AWS Public Sector Blog

How to build an Aadhaar Data Vault on AWS

An Aadhaar number is a 12-digit unique identification number issued by the Unique Identification Authority of India (UIDAI) to every individual in India. An Aadhaar number can be used to support various government subsidies and acts as a vital proof of identity and proof of address for opening a fixed deposit account, applying for a passport, investing in mutual funds, and more. For example, the Government of India has required linking a permanent account number (PAN) with an Aadhaar number to file an Income tax return.

Considering the sensitivity of the Aadhaar number and the potential implication of having one’s Aadhaar number compromised, UIDAI mandated the need for all Aadhaar and Aadhaar-related data to be encrypted and stored separately in a secure, access-controlled data repository known as an Aadhaar Data Vault. Encryption is the process of using an algorithm to transform plaintext into ciphertext. An algorithm and an encryption key are required to decrypt the original plaintext. UIDAI also mandated that the hardware security module (HSM) used to store the keys for encryption in the Aadhaar Data Vault cannot be shared with any other agency or legal entity. An HSM is a physical computing device that safeguards and manages digital keys, performs encryption and decryption functions for digital signaturesstrong authentication, and other cryptographic functions.

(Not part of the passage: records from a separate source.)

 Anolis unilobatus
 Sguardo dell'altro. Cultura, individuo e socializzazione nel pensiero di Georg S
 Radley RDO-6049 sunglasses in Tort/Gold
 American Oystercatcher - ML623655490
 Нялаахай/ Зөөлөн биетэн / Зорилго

This blog post explains how government and private entities that collect, process, and store Aadhaar data for various use cases can use AWS CloudHSM from Amazon Web Services (AWS) to create a secure Aadhaar data storage solution that can meet guidelines provided by UIDAI.

Note: This is only a high-level architecture with the recommendation to segregate the Aadhaar Data Vault and consumer applications in separate AWS accounts. Customers are advised to review the complete security requirements and implement appropriate controls as per the security guidelines.

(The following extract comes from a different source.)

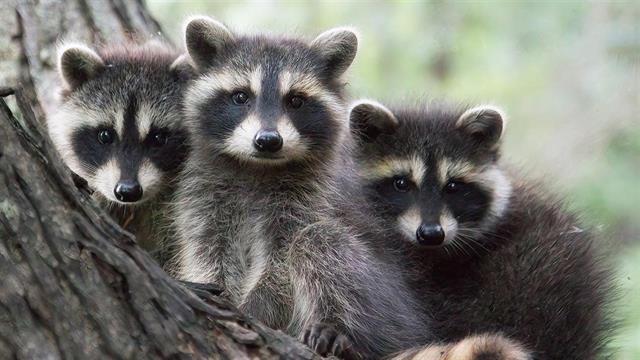 Η γρίπη των πτηνών μεταδίδεται τώρα μεταξύ διαφόρων ειδών θηλαστικών [μελέτη]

What is an Aadhaar Data Vault?

An Aadhaar Data Vault is a secure, access-controlled centralized storage repository for all the Aadhaar numbers collected by requesting entities, like an Authentication User Agency (AUA), Know-Your-Customer User Agency (KUA), or any other agency for specific purposes under the Aadhaar Act and Regulations published in 2016. It is a secure system inside the respective agency’s infrastructure accessible only on a need-to-know basis. As mandated by UIDAI, an organization must store Aadhaar numbers in an encrypted database within an Aadhaar Data Vault.

How to set up an Aadhaar Data Vault using AWS CloudHSM

Prerequisites:

  • Basic understanding of following AWS services:

Amazon Elastic Compute Cloud (Amazon EC2), Amazon Virtual Private Cloud (Amazon VPC), AWS CloudFormation, AWS CloudHSM, AWS Key Management Service (AWS KMS), Amazon API Gateway, AWS Identity and Access Management (IAM), Amazon Simple Storage Service (Amazon S3), and Amazon Relational Database Service (Amazon RDS).

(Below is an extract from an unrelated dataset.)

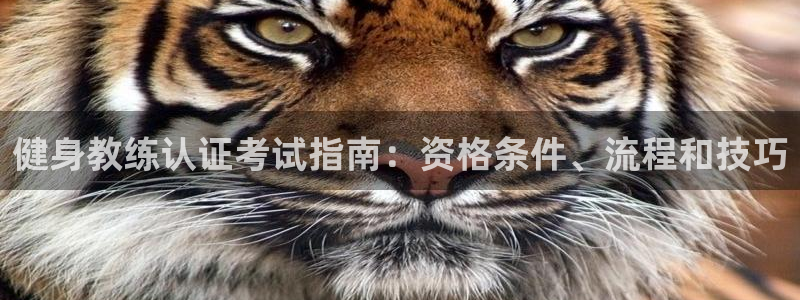 龙8国际官方下载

  • Two separate AWS accounts with administrator access for each.

AWS architecture for implementing an Aadhaar Data Vault using CloudHSM

Now that we’ve covered the basics of Aadhaar Data Vault and prerequisites, let’s examine the architecture for the solution on AWS.

Figure 1. Architecture diagram of the solution described in this blog. The major components are an AWS CloudHSM cluster, Amazon RDS instance, Amazon EC2 instance, Amazon API Gateway, and AWS KMS.

Figure 1. Architecture diagram of the solution described in this blog. The major components are an AWS CloudHSM cluster, Amazon RDS instance, Amazon EC2 instance, Amazon API Gateway, and AWS KMS.

AWS CloudHSM is a cloud-based HSM that enables you to generate and use your own encryption keys on the AWS Cloud. With CloudHSM, you can manage your own encryption keys using Federal Information Processing Standard (FIPS) Publication 140-2 Level 3 compliant HSM. FIPS is a global security standard that specifies security requirements for cryptographic modules that protect sensitive information.

This solution makes use of the CloudHSM managed service to create a cluster of two nodes, and enables the creation and maintenance of the encryption keys via the AWS KMS custom key store. Users can use the keys to encrypt the Aadhaar data hosted in Amazon RDS-based databases.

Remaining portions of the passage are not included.